We welcome contributions of any kind!

New features
Feature requests
Bug reports
Documentation
Tests
Questions

Pull request process

Before working on a non-trivial PR, please first discuss the change you wish to make via issue, Slack, email or any other method with the owners of this repository. This is meant to prevent spending time on a feature that will not be merged.
Please make sure that a new feature comes with adequate tests. If these require data, please check if any of our existing test data sets fits the bill.
Please make sure that all functions come with proper docstrings. If you do extensive work on docstrings, please check if the Sphinx documentation renders them correctly. ReadTheDocs builds on every commit to an open pull request. You can see whether the documentation has successfully built in the “checks” section of the PR. Once the build finishes, your documentation should be accessible by clicking the “details” link next to the check in the GitHub interface and will appear at a URL like: https://glum--###.org.readthedocs.build/en/###/ where ### is the number of your PR.
Please make sure you have our pre-commit hooks installed.
If you fix a bug, please consider first contributing a test that _fails_ because of the bug and then adding the fix as a separate commit, so that the CI system picks it up.
Please add an entry to the change log and increment the version number according to the type of change. We use semantic versioning. Update the major if you break the public API. Update the minor if you add new functionality. Update the patch if you fixed a bug. All changes that have not been released are collected under the date UNRELEASED.

Releases

We make package releases infrequently, but usually any time a new non-trivial feature is contributed or a bug is fixed. To make a release, just open a PR that updates the change log with the current date. Once that PR is approved and merged, you can create a new release on [GitHub](https://github.com/Quantco/glum/releases/new). Use the version from the change log as tag and copy the change log entry into the release description.

Install for development

The first step is to set up a conda environment and install glum in editable mode. The project uses [pixi](https://pixi.sh/latest/) for managing the environment. If you don’t have pixi installed, start by [installing it](https://pixi.sh/latest/#installation).

# Clone the repository
git clone git@github.com:Quantco/glum.git
cd glum

# Install the pre-commit hooks
pixi run pre-commit-install

# Install the dependencies, as well as and glum in editable mode
pixi run postinstall

# If you want to install the dependencies necessary for benchmarking against other GLM packages:
pixi run -e benchmark postinstall

# If you want to work on the tutorial notebooks or the documentation:
pixi run -e docs postinstall

# You can run any command in the pixi environment with `pixi run <command>`. For example:
pixi run [-e ENVIRONMENT] ipython

# Alternatively, you can create a shell with the pixi environment activated:
pixi shell

# Alternatively, a number of pixi tasks are available for commonly used commands.
# You can run them with `pixi run <task>`.
# To get a list of available tasks, run:
pixi task list

Testing and continuous integration

The test suite is in tests/. A pixi task is available to run the tests:

pixi run test

Golden master tests

We use golden master testing to preserve correctness. The results of many different GLM models have been saved. After an update, the tests will compare the new output to the saved models. Any significant deviation will result in a test failure. This doesn’t strictly mean that the update was wrong. In case of a bug fix, it’s possible that the new output will be more accurate than the old output. In that situation, the golden master results can be overwritten as explained below.
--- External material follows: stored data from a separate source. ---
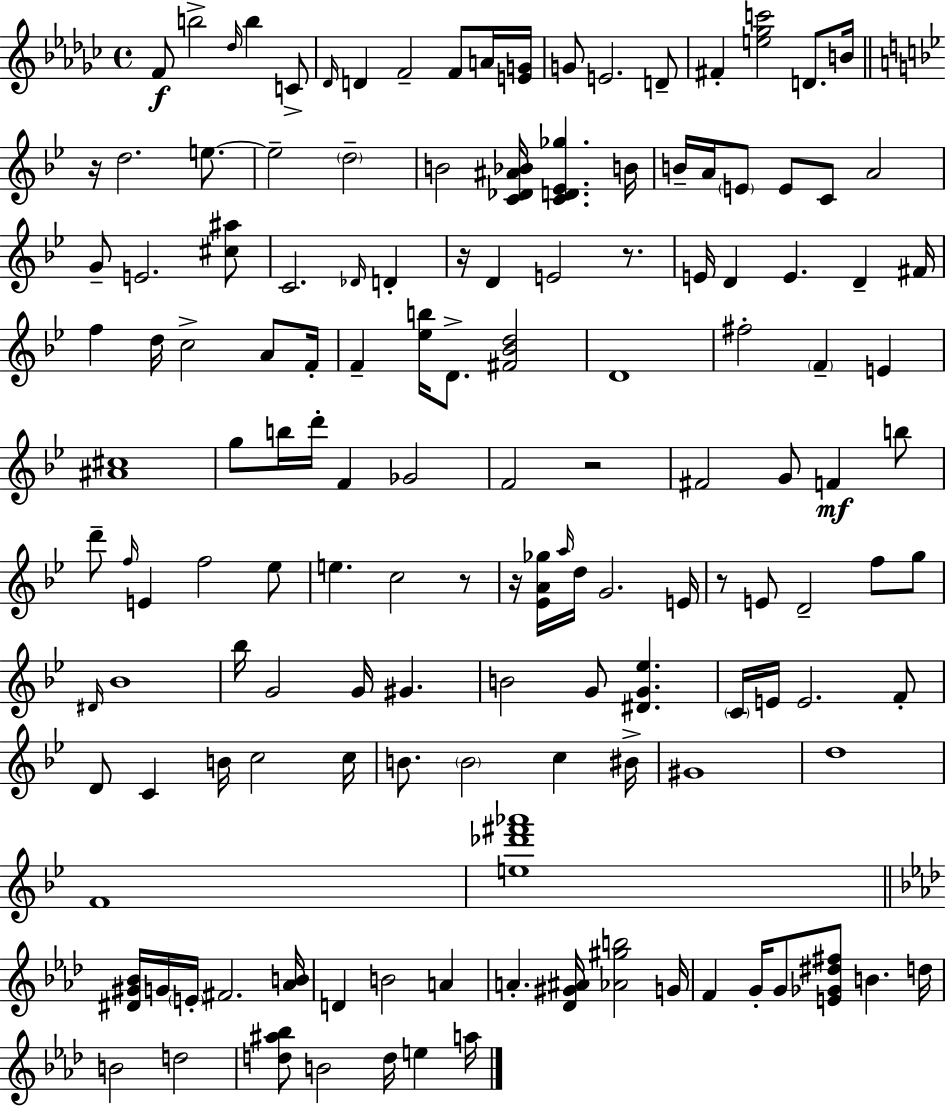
X:1
T:Untitled
M:4/4
L:1/4
K:Ebm
F/2 b2 _d/4 b C/2 _D/4 D F2 F/2 A/4 [EG]/4 G/2 E2 D/2 ^F [e_gc']2 D/2 B/4 z/4 d2 e/2 e2 d2 B2 [C_D^A_B]/4 [CD_E_g] B/4 B/4 A/4 E/2 E/2 C/2 A2 G/2 E2 [^c^a]/2 C2 _D/4 D z/4 D E2 z/2 E/4 D E D ^F/4 f d/4 c2 A/2 F/4 F [_eb]/4 D/2 [^F_Bd]2 D4 ^f2 F E [^A^c]4 g/2 b/4 d'/4 F _G2 F2 z2 ^F2 G/2 F b/2 d'/2 f/4 E f2 _e/2 e c2 z/2 z/4 [_EA_g]/4 a/4 d/4 G2 E/4 z/2 E/2 D2 f/2 g/2 ^D/4 _B4 _b/4 G2 G/4 ^G B2 G/2 [^DG_e] C/4 E/4 E2 F/2 D/2 C B/4 c2 c/4 B/2 B2 c ^B/4 ^G4 d4 F4 [e_d'^f'_a']4 [^D^G_B]/4 G/4 E/4 ^F2 [_AB]/4 D B2 A A [_D^G^A]/4 [_A^gb]2 G/4 F G/4 G/2 [E_G^d^f]/2 B d/4 B2 d2 [d^a_b]/2 B2 d/4 e a/4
There are two sets of golden master tests, one with artificial data and one directly using the benchmarking problems from glum_benchmarks. For both sets of tests, creating the golden master and the tests definition are located in the same file. Calling the file with pytest will run the tests while calling the file as a python script will generate the golden master result. When creating the golden master results, both scripts accept the --overwrite command line flag. If set, the existing golden master results will be overwritten. Otherwise, only the new problems will be run.

Skipping the slow tests

If you want to skip the slow tests, add the -m "not slow" flag to any pytest command. The “wide” problems (all marked as slow tests) are especially poorly conditioned. This means that even for estimation with 10k observations, it might still be very slow. Furthermore, we also have golden master tests for the “narrow” and “intermediate” problems, so adding the “wide” problems do not add much coverage.

Storing and modifying

To store the golden master results, use the following pixi tasks:

pixi run store-golden-master
pixi run store-benchmark-golden-master

Add the --overwrite flag if you want to overwrite already existing golden master results

Building a conda package

To use the package in another project, we distribute it as a conda package. For building the package locally, you can use the following command:

conda build conda.recipe

This will build the recipe using the standard compiler flags set by the conda-forge activation scripts.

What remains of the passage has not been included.